Ladies and gentlemen, we proudly present Down in Front's received e-mail message of the year:
It's "National Anthem," not "Natural Anthem," you hack. -- Thom Yorke
The phone number provided: obviously fake. The e-mail address bounces back if you reply, though it originated from Radiohead .com, which lends at least a whiff of legitimacy.
Oh, screw it -- it's most probably some bitter loyalist hacker dude. But the poignancy remains: One of my musical heroes -- or, far more likely, someone posing as one of my musical heroes -- has christened me a hack.
This is either the zenith or nadir of my journalistic career.
Thom/Bitter Loyalist Hacker's missive joined a disquietingly large chorus of folks responding to "Radiohead Rorschach" (September 27), in which a fifth-grade class in San Leandro listened to Radiohead songs and, armed with Sharpies and blank sheets of paper, generated honest, unbiased emotional responses to the music. Their responses vacillated wildly between amusing, distracted, irreverent, and profoundly disturbing (i.e. depicting a booth offering "free suicides").
Herein lies a brief overview of the discourse spawned by this experiment:
What am I to make of these drawings?
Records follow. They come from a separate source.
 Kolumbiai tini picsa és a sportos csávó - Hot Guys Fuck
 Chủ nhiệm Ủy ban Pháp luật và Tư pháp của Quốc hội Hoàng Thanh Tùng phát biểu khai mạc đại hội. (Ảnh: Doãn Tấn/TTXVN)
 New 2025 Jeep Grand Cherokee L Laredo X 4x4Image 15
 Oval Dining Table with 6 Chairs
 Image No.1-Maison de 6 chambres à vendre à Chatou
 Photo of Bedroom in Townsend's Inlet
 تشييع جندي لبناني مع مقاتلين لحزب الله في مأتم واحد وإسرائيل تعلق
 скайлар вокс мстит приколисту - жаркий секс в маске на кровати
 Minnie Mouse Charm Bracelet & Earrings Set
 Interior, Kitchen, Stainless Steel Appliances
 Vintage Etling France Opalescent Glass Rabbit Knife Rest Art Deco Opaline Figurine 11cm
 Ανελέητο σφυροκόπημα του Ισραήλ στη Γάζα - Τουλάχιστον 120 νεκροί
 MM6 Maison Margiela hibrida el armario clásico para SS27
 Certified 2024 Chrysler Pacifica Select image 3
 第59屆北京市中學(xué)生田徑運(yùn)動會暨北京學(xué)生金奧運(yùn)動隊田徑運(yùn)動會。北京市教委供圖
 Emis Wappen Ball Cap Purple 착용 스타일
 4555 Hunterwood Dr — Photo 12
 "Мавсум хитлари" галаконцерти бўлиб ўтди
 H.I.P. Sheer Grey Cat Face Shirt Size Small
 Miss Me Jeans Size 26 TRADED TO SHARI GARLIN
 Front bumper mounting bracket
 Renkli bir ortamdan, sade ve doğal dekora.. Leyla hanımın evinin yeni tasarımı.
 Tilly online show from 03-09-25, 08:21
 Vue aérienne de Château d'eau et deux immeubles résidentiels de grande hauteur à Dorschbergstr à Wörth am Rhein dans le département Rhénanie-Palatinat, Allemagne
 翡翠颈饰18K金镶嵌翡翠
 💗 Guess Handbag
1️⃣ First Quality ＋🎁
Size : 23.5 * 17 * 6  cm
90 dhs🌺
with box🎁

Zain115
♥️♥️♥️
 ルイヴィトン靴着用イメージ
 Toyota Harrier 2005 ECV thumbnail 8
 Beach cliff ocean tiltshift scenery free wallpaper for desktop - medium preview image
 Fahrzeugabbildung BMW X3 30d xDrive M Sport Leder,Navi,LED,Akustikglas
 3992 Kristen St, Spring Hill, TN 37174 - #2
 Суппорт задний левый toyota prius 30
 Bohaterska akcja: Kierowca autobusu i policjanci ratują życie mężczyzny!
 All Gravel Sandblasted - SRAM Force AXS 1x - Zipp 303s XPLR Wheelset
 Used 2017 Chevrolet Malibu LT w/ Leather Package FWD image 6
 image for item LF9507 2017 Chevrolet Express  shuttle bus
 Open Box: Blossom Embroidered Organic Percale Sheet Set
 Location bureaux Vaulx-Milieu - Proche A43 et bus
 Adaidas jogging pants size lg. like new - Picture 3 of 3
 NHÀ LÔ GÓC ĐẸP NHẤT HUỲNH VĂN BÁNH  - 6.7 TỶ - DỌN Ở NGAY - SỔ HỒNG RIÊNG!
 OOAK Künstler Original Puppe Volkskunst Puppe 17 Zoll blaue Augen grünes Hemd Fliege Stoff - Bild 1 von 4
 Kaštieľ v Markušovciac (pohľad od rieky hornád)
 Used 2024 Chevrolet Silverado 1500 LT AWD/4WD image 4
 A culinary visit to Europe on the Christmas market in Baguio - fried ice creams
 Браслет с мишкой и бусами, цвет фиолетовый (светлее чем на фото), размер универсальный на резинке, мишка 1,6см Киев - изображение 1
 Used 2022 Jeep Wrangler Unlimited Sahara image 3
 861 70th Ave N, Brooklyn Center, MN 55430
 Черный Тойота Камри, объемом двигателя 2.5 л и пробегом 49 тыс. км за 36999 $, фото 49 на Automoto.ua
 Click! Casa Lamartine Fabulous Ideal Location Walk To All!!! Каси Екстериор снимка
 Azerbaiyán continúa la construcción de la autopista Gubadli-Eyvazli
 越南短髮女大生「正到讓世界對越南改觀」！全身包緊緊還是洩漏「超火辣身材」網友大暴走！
Are the drawings representative of the music and its message, or simply a fifth grader expressing his place in the world? Some of the drawings have obvious links to the music and others are debatable. Is there a place to see the other drawings and what are your thoughts on the possibility of the drawings being simply a reflection of each child as an individual? -- Daniel Lucas, Denver
Dude, one kid drew a thousand-foot-tall ice-cream cone. Another drew a baseball bat. A third drew a detailed romantic panorama from the film Aladdin. I dare say we had an at-best tenuous hold on their attention. At least 90 percent of the drawings are an accurate reflection of an individual child being terminally bored.
Wow! You really hate Radiohead, don't you! Did Thom Yorke inflict some sort of brutal experience on you or something? Run over your hamster? Sleep with your girlfriend and your mother at the same time? Still, an amusing and entertaining article even to someone of the biased inclination very much opposed to yours. Interesting article, good stuff :)
Stay Beautiful. -- Ben Gilbert, Aberystwyth, Wales
Ah, that fateful afternoon when I caught my mother and my girlfriend in bed together with Thom Yorke -- truly a day that shall live in infamy. I ran his pantless British ass right out of the house; he dove into his bright-yellow Hummer and tore off into the sunset, mangling my hamster in the process.
John Mayer I would've understood. But this is unconscionable.
Just to confirm: That article is a hoax, correct? I've been looking at fifth-grade art, and it's much better, much more refined, than what we see in your article. It's very funny, though. -- David Eisner, Hyattsville, Maryland
David voices a concern raised by several others. Let me assure you these drawings were legitimately crafted by legitimate fifth graders. In their defense, they had only Sharpies, a finite amount of time, and disturbing, alien music at their disposal. Furthermore, I'm pretty sure recess had just ended, and surely you remember how wound-up and distracted you got.
In any event, with the possible exception of the ice-cream cone kid, that entire class draws better than I do.
Great piece, Rob! I'm sharing it with my team as a fine piece of out-of-the-box music journalism. Very enjoyable! -- Michael Alex, vice president, Online; MTV News, New York, New York.
Play more videos.
Allow me to say that this is the most accurate depiction of Radiohead I've ever seen. Granted, as a hip-hop fan, my Radiohead exposure is limited -- but I'm thankful it is. At my last job, I had a co-worker worship Radiohead. From time to time, he'd stick their CDs in the lab stereo. It has to be the most depressing music I've ever heard. Their music could alone explain the difference in suicide rates between Whites and Blacks.
I'm with these kids on this one. I'd rather listen to 50 [Cent], especially the underground street albums. However, I get the feeling that if I make it to hell, Radiohead will be the house band. If you want to have your soul destroyed, have your serotonin levels drop about fiftyfold, or want to commit suicide, well, Radiohead is the SHIT, man! -- Todd Graham, Queens, New York
Todd either needs a career in PR or the option to telecommute.
First off your writing is dry, and you try way too hard to use every little vocabulary you have acquired. The reason I am writing is because of something you said ... by listening to Radiohead it's impossible to have your own opinion. That is purely nonsensical, and the fact you stated that exposes your ignorance to music, as well as your blatant lack of musical analyzation. -- Jordan Kocuba, Orono, Maine
Point taken. I am, after all, a hack. In the piece I referred to the tune "The Natural Anthem." As Thom Yorke/ Bitter Loyalist Hacker noted, it is indeed "The National Anthem." Humiliated, ridiculed, and despondent, I will now slink off into the night. If only I had an appropriate soundtrack to such a soul-destroying experience.